The Graduation Milestone
As May rolls around, it’s the season of college graduations, and like many proud parents, I recently attended my daughter’s commencement ceremony at the University of Miami, where she earned a Bachelor of Science in Nursing. Fortunately, she has already secured a job at Cook Children’s Hospital in Fort Worth, TX, just a “short” 20-hour road trip from Miami. Being the supportive parent, I volunteered to accompany her on the journey and help her move her car and belongings.
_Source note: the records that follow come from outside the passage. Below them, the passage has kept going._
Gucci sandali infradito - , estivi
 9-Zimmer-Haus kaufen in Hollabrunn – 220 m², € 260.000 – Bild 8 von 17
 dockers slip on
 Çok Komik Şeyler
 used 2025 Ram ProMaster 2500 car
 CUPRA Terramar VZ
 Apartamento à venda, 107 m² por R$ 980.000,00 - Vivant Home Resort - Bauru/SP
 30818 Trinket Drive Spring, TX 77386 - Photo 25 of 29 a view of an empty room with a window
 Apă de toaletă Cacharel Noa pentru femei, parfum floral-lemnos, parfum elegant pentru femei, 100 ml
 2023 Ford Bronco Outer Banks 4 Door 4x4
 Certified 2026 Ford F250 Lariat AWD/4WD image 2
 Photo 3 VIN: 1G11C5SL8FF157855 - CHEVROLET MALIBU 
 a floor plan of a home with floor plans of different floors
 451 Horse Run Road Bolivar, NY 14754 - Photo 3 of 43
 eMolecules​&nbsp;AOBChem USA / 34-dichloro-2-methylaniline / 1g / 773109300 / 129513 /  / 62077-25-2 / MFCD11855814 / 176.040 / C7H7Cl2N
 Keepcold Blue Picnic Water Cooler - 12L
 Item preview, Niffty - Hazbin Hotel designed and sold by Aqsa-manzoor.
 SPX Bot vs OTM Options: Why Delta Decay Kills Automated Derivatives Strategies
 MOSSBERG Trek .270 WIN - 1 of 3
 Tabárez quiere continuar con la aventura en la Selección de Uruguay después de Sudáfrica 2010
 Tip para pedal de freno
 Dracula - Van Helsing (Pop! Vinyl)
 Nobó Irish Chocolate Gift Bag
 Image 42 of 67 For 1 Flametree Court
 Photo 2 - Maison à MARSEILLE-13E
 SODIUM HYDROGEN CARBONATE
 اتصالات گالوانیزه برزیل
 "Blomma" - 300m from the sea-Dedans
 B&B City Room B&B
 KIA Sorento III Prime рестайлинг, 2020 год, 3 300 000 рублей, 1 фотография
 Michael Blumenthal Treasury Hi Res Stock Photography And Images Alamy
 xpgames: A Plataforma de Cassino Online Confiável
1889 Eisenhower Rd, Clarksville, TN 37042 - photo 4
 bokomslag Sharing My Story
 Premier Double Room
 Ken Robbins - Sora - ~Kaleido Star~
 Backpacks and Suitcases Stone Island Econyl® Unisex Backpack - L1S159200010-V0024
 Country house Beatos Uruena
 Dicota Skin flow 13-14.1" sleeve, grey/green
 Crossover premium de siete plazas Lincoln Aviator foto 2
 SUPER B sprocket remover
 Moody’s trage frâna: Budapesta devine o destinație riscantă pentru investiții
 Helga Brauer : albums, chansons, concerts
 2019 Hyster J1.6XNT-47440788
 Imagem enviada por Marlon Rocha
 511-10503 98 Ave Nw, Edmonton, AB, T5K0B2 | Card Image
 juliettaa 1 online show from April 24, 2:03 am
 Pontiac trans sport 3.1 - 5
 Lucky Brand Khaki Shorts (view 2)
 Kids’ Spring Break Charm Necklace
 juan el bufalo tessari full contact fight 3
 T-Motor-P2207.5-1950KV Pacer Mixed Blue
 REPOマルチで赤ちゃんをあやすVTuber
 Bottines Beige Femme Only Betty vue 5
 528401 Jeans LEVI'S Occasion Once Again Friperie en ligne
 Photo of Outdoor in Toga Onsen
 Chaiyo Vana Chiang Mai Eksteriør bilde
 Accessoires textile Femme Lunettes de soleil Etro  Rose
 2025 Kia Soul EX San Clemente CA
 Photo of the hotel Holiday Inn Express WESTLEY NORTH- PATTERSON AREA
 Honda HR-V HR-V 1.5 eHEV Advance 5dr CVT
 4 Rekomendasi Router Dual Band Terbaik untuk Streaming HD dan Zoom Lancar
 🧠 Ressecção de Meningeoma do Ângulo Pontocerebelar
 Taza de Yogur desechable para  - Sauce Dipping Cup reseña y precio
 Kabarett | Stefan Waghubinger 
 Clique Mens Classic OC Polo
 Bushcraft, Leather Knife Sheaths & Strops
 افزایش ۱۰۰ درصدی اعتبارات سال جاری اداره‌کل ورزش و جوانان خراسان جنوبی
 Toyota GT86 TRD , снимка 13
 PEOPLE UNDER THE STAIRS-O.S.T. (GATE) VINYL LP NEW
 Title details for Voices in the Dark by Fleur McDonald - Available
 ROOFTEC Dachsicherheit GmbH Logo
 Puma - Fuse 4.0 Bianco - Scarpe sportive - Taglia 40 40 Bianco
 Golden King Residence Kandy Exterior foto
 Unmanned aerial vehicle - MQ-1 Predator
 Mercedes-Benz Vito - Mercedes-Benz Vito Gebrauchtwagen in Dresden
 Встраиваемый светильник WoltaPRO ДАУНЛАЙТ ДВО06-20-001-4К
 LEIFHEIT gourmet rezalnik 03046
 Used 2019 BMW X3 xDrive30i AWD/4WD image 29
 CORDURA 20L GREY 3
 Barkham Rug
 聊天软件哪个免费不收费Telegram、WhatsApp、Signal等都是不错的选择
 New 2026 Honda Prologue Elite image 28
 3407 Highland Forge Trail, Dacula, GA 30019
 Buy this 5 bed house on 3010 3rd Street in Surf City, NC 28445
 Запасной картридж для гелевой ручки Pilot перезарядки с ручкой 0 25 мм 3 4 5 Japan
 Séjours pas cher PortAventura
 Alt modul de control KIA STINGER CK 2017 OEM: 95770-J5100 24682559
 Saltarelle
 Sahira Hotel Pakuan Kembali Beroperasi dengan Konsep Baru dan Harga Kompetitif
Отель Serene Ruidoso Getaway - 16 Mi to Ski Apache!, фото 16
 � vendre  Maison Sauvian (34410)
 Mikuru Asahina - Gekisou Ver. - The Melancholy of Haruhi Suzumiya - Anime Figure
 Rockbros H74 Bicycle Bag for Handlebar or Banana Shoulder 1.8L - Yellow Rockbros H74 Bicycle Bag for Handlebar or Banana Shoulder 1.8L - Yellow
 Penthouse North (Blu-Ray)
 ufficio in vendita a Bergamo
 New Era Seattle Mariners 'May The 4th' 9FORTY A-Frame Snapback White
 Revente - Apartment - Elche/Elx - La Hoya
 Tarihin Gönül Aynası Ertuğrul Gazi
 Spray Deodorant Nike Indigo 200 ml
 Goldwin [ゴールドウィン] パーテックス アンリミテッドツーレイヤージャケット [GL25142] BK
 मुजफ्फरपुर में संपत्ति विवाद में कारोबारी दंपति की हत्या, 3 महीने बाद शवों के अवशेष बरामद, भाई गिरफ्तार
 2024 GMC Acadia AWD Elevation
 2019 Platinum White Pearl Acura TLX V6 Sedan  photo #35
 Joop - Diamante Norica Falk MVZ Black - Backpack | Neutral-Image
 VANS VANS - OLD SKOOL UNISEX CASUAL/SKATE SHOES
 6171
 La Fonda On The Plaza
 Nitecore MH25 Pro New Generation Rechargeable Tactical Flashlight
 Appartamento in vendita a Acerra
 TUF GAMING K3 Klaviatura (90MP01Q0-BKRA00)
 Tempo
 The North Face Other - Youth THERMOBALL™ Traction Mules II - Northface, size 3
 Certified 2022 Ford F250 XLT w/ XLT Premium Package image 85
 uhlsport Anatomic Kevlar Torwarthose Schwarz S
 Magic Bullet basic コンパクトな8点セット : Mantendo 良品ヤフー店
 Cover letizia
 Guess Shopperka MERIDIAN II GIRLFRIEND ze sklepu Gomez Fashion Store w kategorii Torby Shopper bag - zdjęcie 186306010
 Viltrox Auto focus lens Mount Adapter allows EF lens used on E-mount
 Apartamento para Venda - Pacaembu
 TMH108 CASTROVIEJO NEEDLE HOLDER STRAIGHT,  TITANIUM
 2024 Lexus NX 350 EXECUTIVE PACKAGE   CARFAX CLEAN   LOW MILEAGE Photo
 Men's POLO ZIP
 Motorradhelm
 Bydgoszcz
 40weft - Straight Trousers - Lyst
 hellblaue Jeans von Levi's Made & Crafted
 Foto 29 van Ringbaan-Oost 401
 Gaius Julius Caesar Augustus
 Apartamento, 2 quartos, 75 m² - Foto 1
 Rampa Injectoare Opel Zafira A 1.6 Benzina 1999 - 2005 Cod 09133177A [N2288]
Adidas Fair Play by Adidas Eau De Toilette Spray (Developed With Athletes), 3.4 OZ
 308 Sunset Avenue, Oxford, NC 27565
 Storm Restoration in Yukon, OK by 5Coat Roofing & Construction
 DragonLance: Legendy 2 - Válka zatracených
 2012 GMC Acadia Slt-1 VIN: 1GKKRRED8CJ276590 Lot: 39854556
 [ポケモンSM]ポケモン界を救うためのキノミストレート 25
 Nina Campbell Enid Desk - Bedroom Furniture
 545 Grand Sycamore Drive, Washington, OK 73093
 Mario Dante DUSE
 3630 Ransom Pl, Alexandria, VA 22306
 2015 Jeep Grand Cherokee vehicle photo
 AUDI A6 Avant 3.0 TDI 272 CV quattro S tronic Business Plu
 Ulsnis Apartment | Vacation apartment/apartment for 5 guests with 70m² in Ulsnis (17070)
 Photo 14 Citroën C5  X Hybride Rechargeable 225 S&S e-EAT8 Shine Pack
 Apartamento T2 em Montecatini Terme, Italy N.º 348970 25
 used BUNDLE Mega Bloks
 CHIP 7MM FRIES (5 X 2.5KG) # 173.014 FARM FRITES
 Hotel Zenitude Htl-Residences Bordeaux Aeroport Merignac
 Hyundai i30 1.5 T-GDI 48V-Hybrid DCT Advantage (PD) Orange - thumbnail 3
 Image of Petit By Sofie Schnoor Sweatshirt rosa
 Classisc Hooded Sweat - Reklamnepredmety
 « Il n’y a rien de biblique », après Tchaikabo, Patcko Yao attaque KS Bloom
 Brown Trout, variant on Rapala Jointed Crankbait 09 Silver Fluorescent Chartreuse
The Thought-Provoking Question
During our road trip, our conversations covered a wide range of topics, from electronic dance music (EDM) to rising housing prices, the shortage of affordable housing, and the renewed interest in lunar exploration. However, one particular question from my daughter caught my attention: “OK Dad, now that I’m about to start working, how and what should I save for the future?”
I must admit, I was initially taken aback by her forward-thinking question, as saving for the future is a trait often lacking among many young people. As someone nearing retirement, I primarily utilize a dividend investing strategy designed to replace my earned income after I retire. However, I realized that this approach might not be the most suitable for my 24-year-old daughter.
The Explanation
To address her question, I started by explaining the basics of “growth” focused investing and then moved on to a dividends-focused strategy. I explained that purchasing equities that pay dividends means the company is sharing its profits through regular payments to shareholders. “If you can identify companies that are aggressively growing their dividends, this should result in significant consistent payments to you once you retire (in 40 years!),” I told her.
The Dividend Growth Screener
Dividends360.com’s screener identifies 18 securities that have a dividend growth rate (DGR) greater than 10%, a yield higher than 5%, with a minimum of 5 years of increasing dividends.
To access the complete list, sign up for a free account at Dividends360.com, go to the screener, and replicate the filters shown below.
As an illustration, I selected 5 of these securities and simulated investing $5,000 in each.
The Compounding Effect
The result after 20 years would be an annual income of $13,811 from the dividends
(per Dividends360.com calculations).
After 40 years, the initial $25,000 investment would have grown to approximately $1,062,000, producing an annual dividend income of around $89,000!
This substantial growth is driven by the compounding effect of reinvesting increasing dividend payments over a long period (40 years).
Conclusion:
It is crucial for parents and guardians to educate their children about the potential of dividend investing from an early age.
Don’t let the misconception that dividends are “just for old folks” deter your children from exploring this valuable investment strategy. Encourage them to start small, even with modest amounts, and witness the transformative power of compounding over time.
Disclaimer: This blog is for informational purposes only and should not be taken as financial advice. Always consult with a financial advisor before making any investment decisions.